-------- SUPPLIED DATA --------

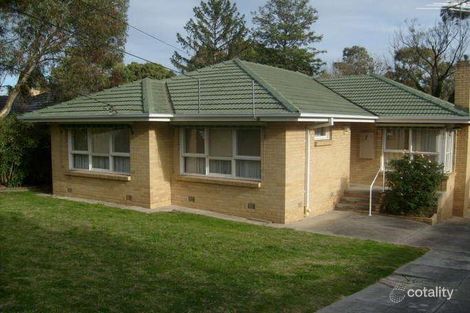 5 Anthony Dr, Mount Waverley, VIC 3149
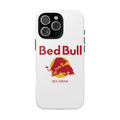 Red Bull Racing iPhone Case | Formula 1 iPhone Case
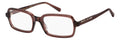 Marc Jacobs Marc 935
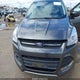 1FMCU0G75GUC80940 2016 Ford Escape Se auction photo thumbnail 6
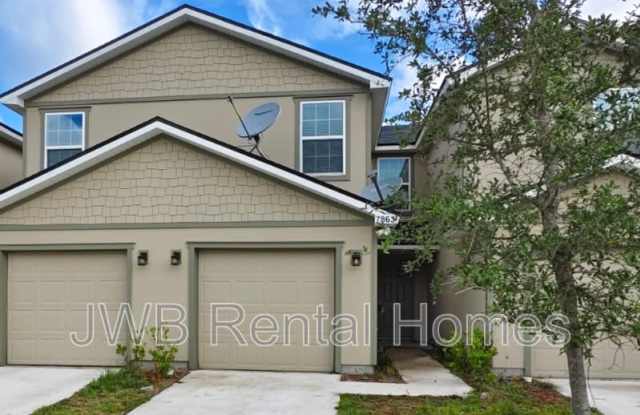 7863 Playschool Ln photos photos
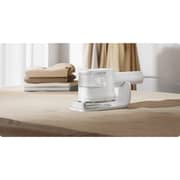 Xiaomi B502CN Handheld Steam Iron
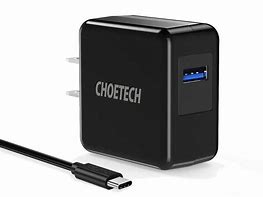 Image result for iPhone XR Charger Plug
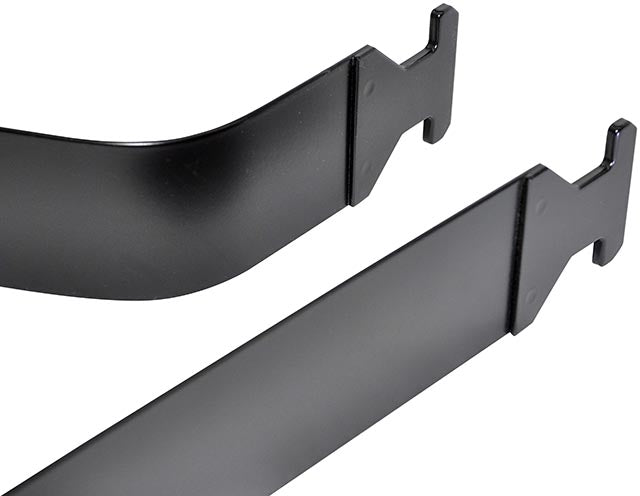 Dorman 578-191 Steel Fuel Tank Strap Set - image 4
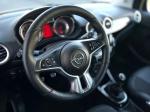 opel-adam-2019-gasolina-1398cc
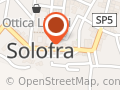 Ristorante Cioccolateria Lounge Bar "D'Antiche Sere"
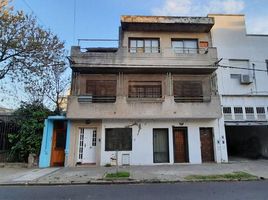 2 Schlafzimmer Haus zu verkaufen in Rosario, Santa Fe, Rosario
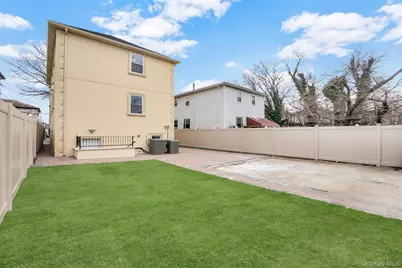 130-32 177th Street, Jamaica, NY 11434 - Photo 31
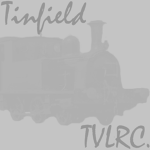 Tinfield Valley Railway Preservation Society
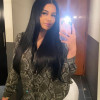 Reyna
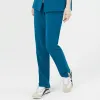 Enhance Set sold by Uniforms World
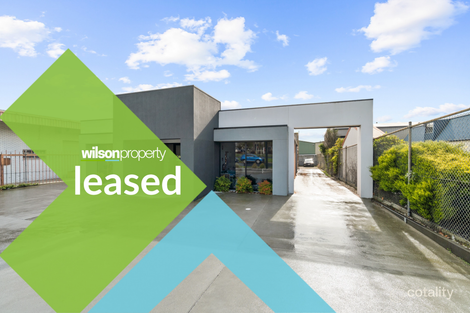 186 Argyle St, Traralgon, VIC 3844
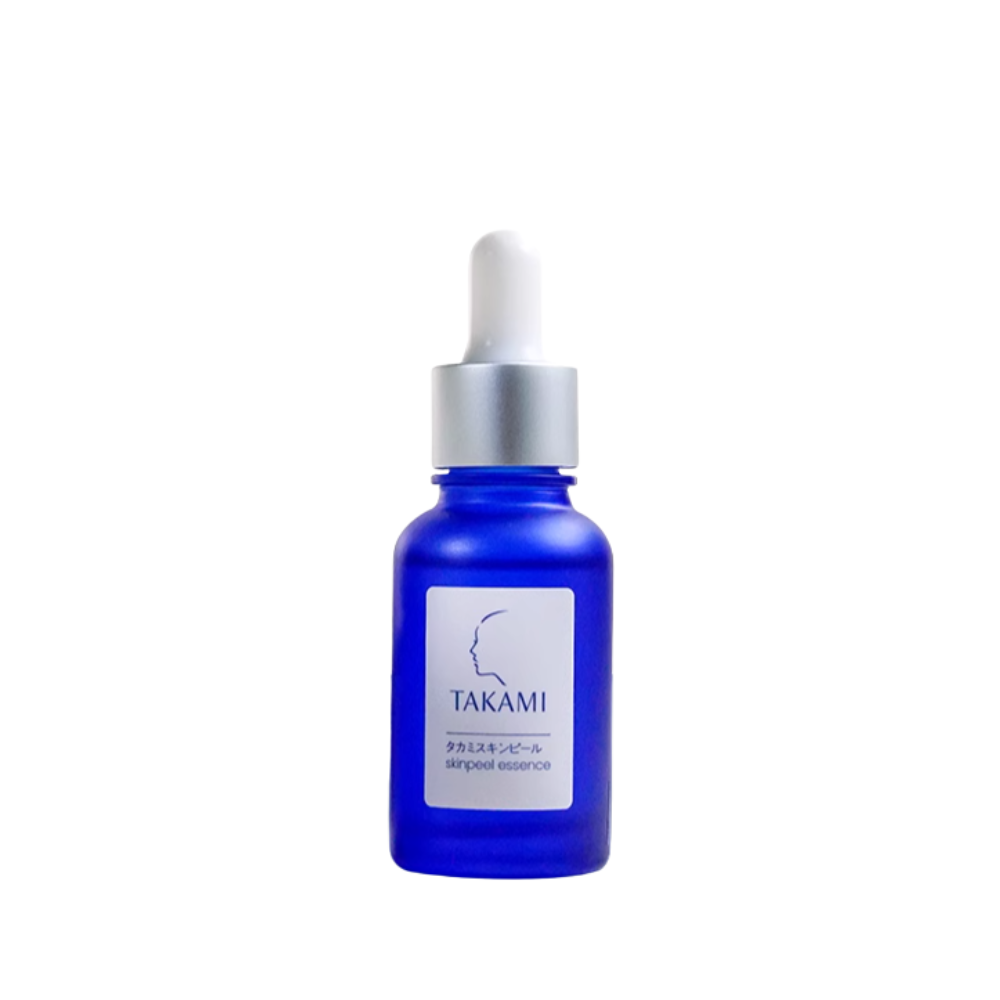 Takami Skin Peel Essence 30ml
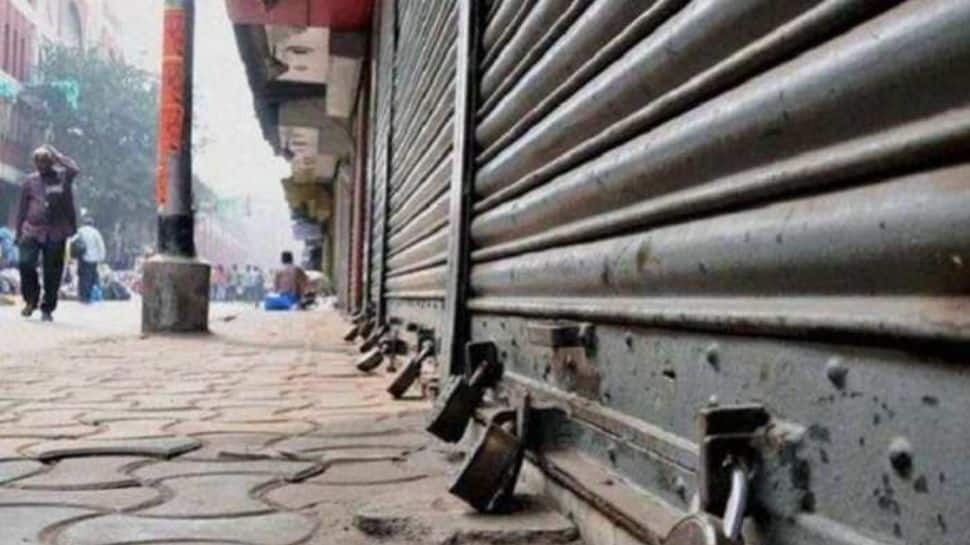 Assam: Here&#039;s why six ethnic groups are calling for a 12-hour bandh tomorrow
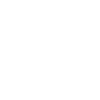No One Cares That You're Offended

--------
-------- SUPPLIED DATA --------

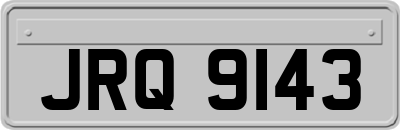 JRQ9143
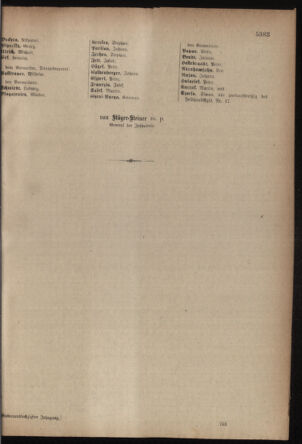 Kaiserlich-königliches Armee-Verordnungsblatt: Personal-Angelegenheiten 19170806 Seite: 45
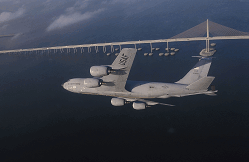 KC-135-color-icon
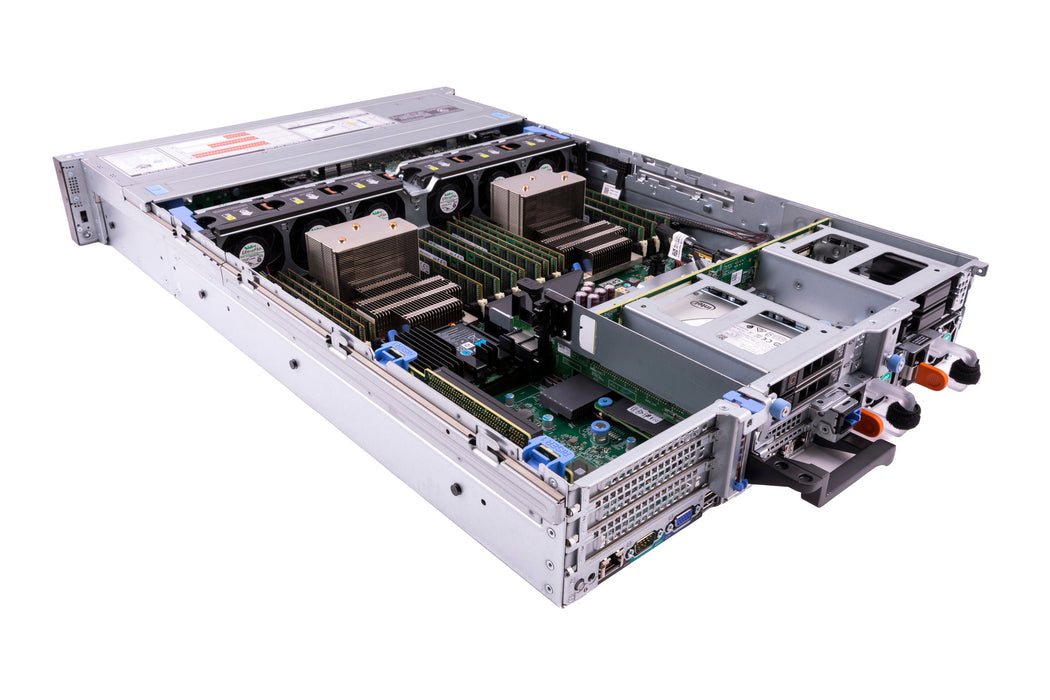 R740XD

--------
-------- SUPPLIED DATA --------

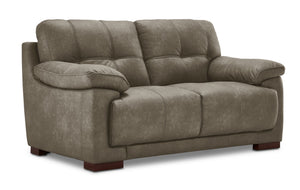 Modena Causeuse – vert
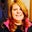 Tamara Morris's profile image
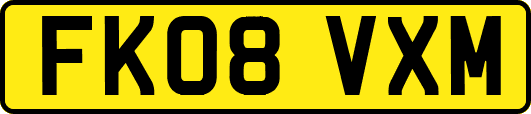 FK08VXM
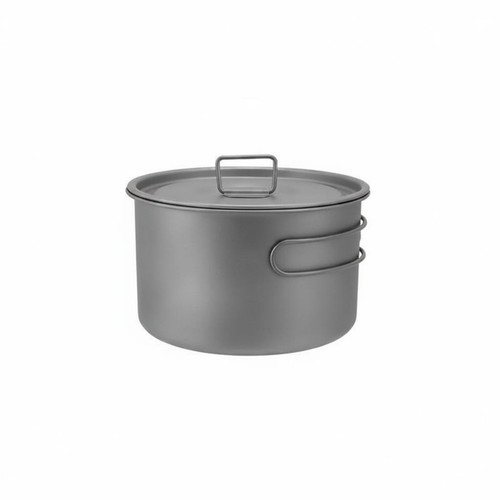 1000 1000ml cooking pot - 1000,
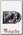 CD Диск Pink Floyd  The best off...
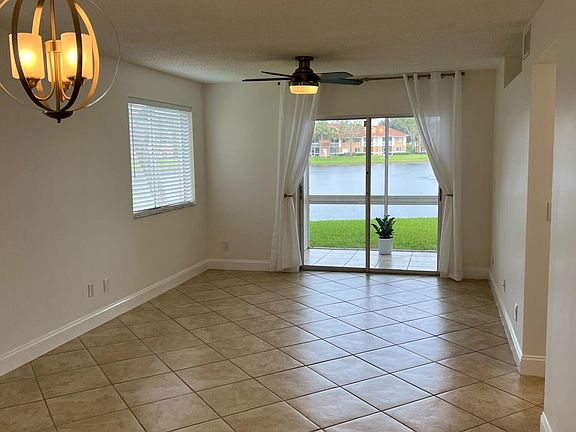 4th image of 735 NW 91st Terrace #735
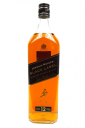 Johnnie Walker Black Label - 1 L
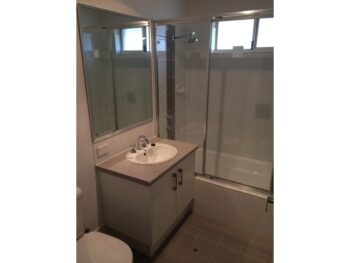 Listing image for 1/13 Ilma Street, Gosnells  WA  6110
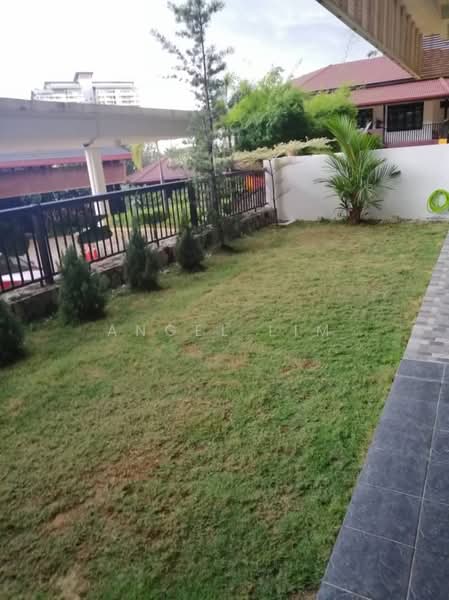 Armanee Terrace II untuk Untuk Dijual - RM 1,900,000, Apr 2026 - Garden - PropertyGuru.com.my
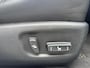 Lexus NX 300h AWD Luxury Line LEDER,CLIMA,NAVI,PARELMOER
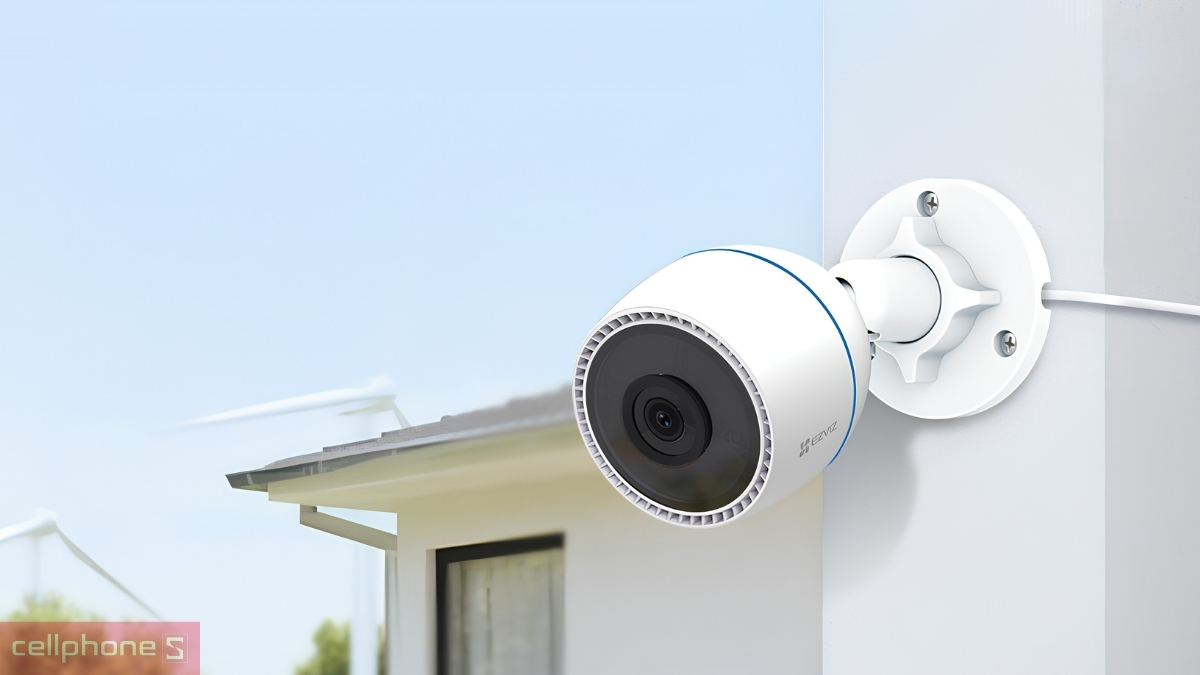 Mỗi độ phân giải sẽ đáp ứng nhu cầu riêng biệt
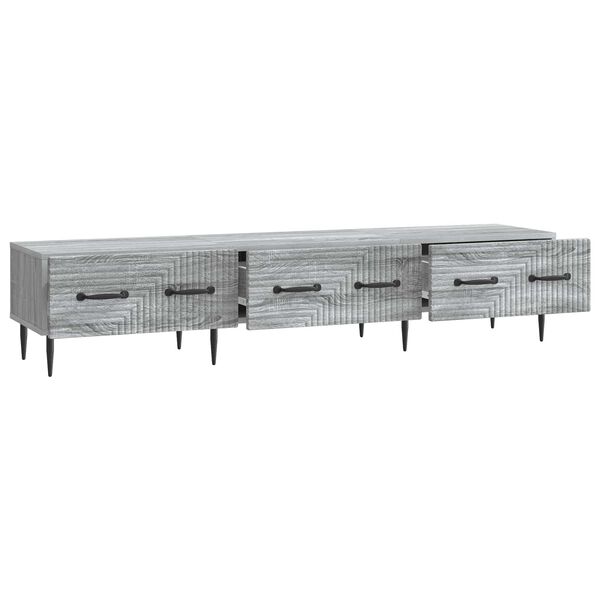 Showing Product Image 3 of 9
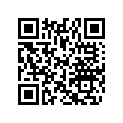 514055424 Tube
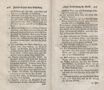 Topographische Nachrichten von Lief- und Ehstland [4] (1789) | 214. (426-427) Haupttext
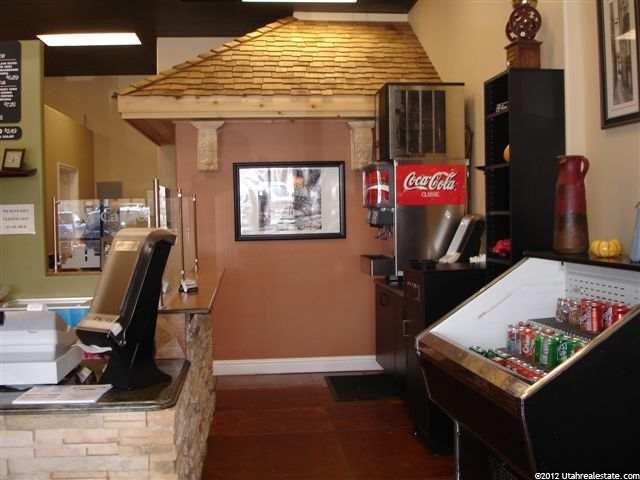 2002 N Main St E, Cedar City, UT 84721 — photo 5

--------

• _REQUIREMENT_
The material above holds pictures; leave them out. Repeat exactly the lines from the one containing "Mỗi độ phân" through the one containing "2002 N Main", and nothing else.

• _RESPONSE TO THE TASK_
 Mỗi độ phân giải sẽ đáp ứng nhu cầu riêng biệt
 Showing Product Image 3 of 9
 514055424 Tube
 Topographische Nachrichten von Lief- und Ehstland [4] (1789) | 214. (426-427) Haupttext
 2002 N Main St E, Cedar City, UT 84721 — photo 5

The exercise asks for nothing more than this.